Democracy

Jun 04, 2009 21:54

I took the long way to work this morning, stopping off at the polling station to cast my vote in the European-parliamentary and county-council elections. The strange thing about this to me was the fact that I was voting on an ordinary week day. In Sweden, where I grew up, elections are traditionally held on Sundays. This voting on a Thursday and the ticking boxes with a pencil and having no way of recognizably-intentionally abstain were the aspects of the process I thought about and discussed with people.

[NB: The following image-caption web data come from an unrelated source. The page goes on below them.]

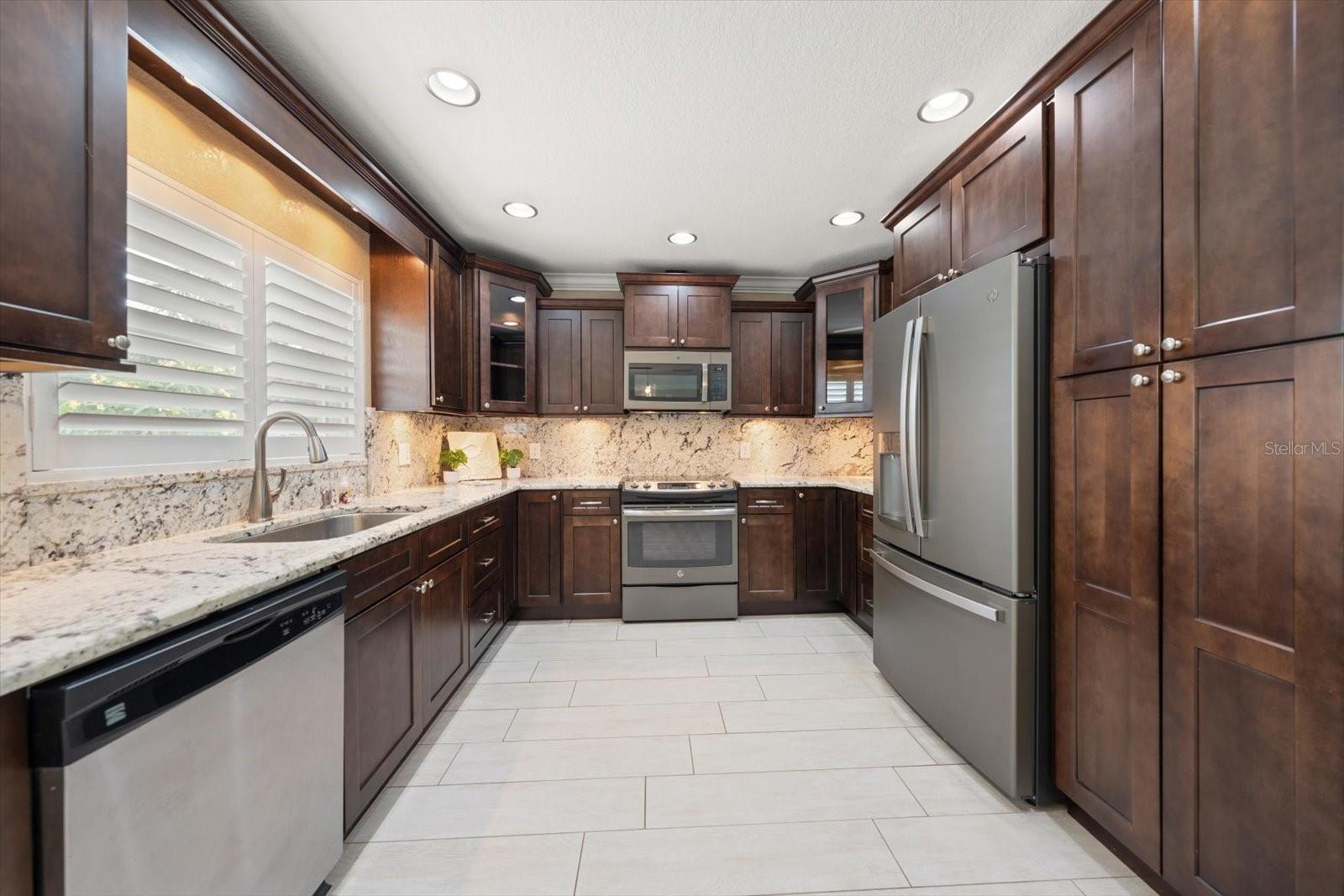 Fully equipped kitchen with custom cabinetry and very attractive granite counters and backsplash!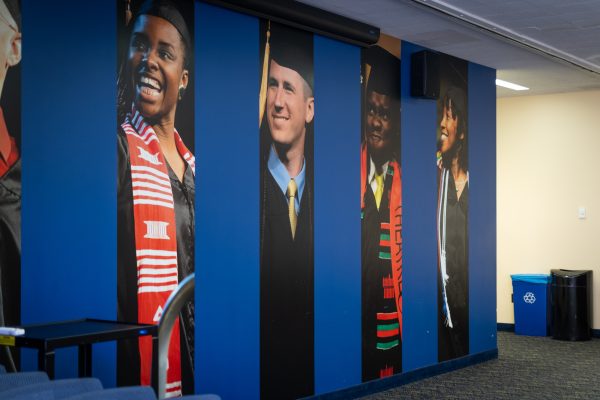 Images of graduates line a wall in the Student Multicultural Center on Nov. 11, 2023.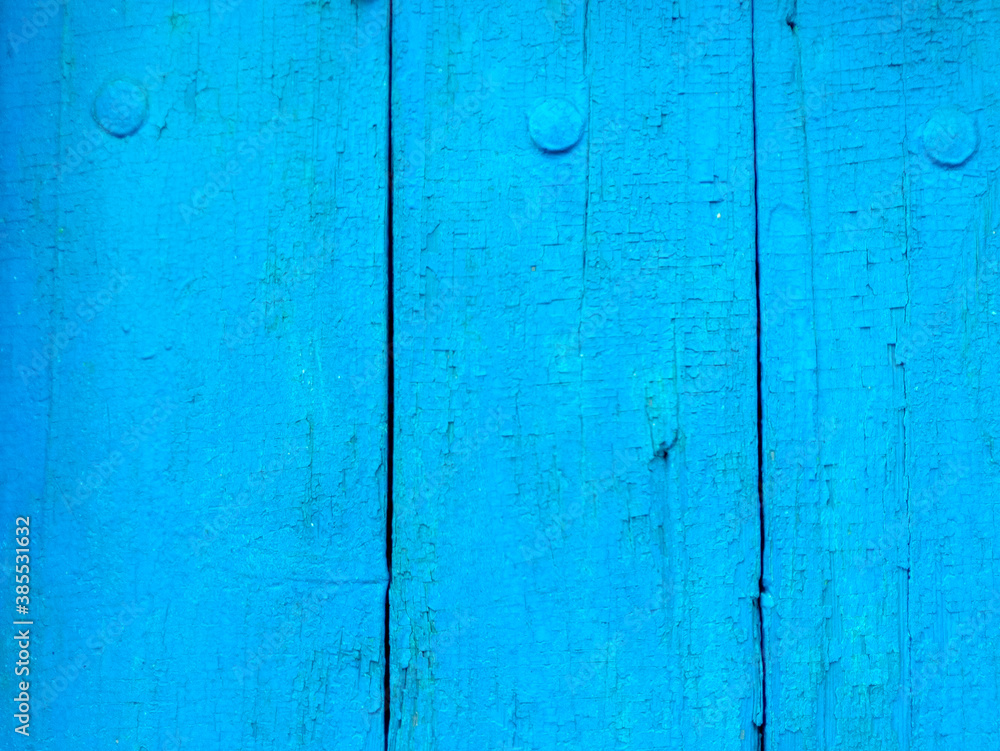 texture of old painted shabby rustic wooden fence made of planks, with rusty nails, grunge background texture of old painted shabby rustic wooden fence made of planks, with rusty nails, grunge background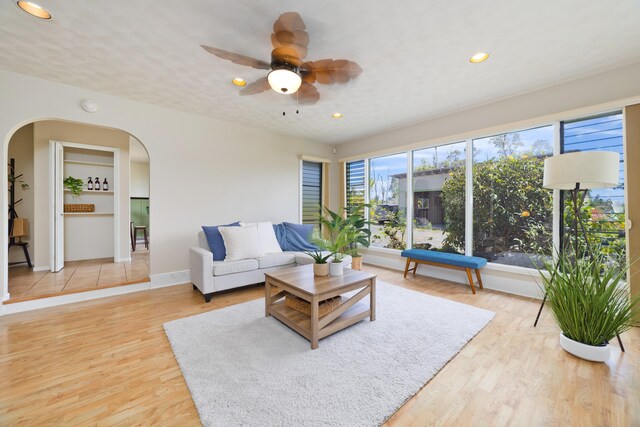 15-1506 23rd Ave, Keaau, HI 96749 - living area featuring arched walkways, ceiling fan, recessed lighting, light wood finished floors, and baseboards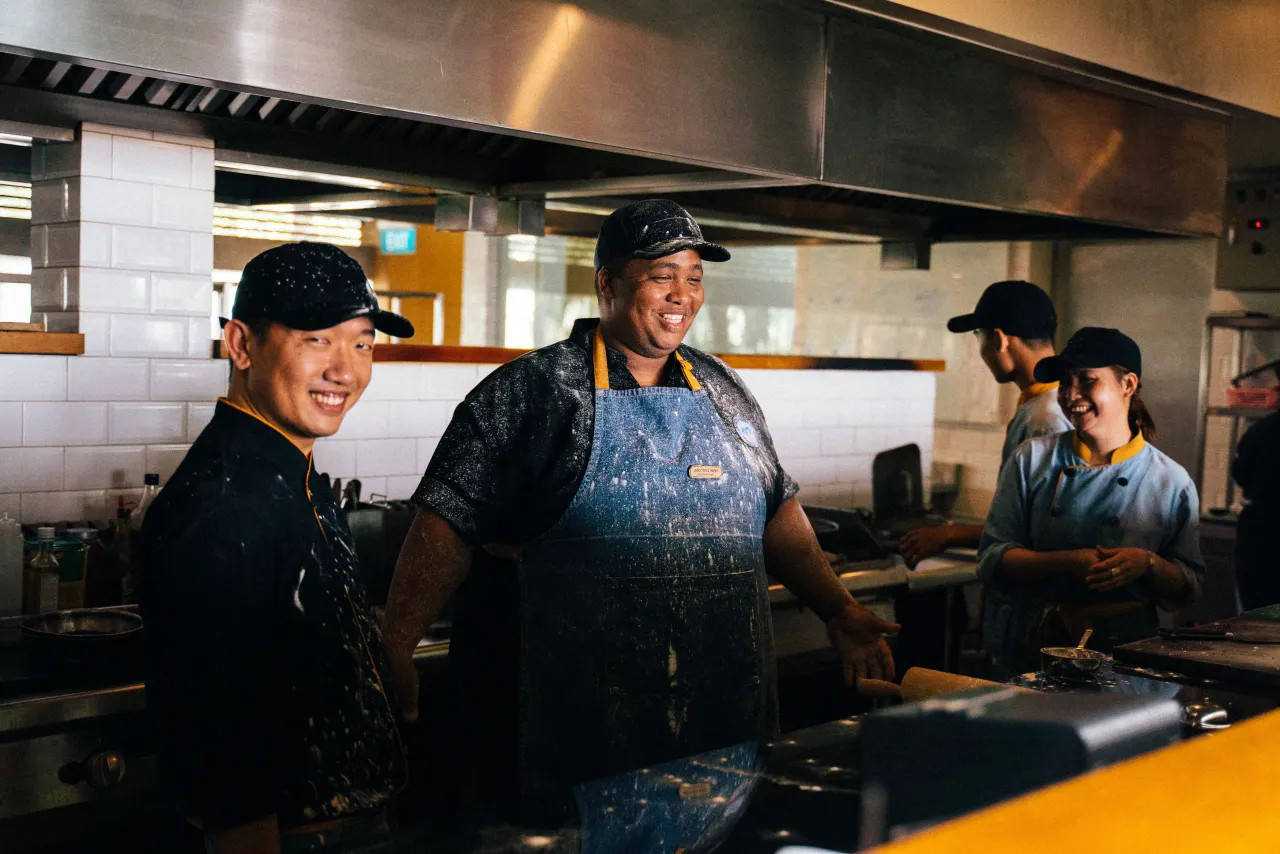 A restaurant team sharing a smile during service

At the afternoon coffee break my friend K commented on having done web-searches on terms like "Tiananmen Square" and "tank man" to make sure nobody thought the world had forgotten the events of the 4th of June 1989. That was when it occurred to me that to some people there are stranger things to discuss about me voting this morning, like being able to vote at all. I had an email from Amnesty about a week ago asking me to sign a petition for human rights in China, with the 20th anniversary of the massacre at Tiananmen Square coming up, which I did. Please take the time to check out Amnesty's Human Rights for China website and if you feel you agree with the statements please sign the petition as well.

I remember that spring twenty years ago and the hope we all had for a brighter future. We thought China would surely reform, like the Soviet Union had done. It was such a shock when the crack-down came, such a horrible realization of what awful things some people will do to stay in power. I wasn't surprised when China didn't live up to its promises of human rights improvements in the run-up to the Olympics last year, but I was disappointed. It was especially disappointing that we, the world community, let the Chinese leaders get away with it.

Those of us who are old enough to have watched the peaceful Chinese protests of 1989 grow and be brutally beaten down have a duty to remember. Those of us lucky enough to live somewhere with freedom of speech should not let the Chinese government ever think those events will be forgotten. So this is me, speaking up. Thank you for 'listening'!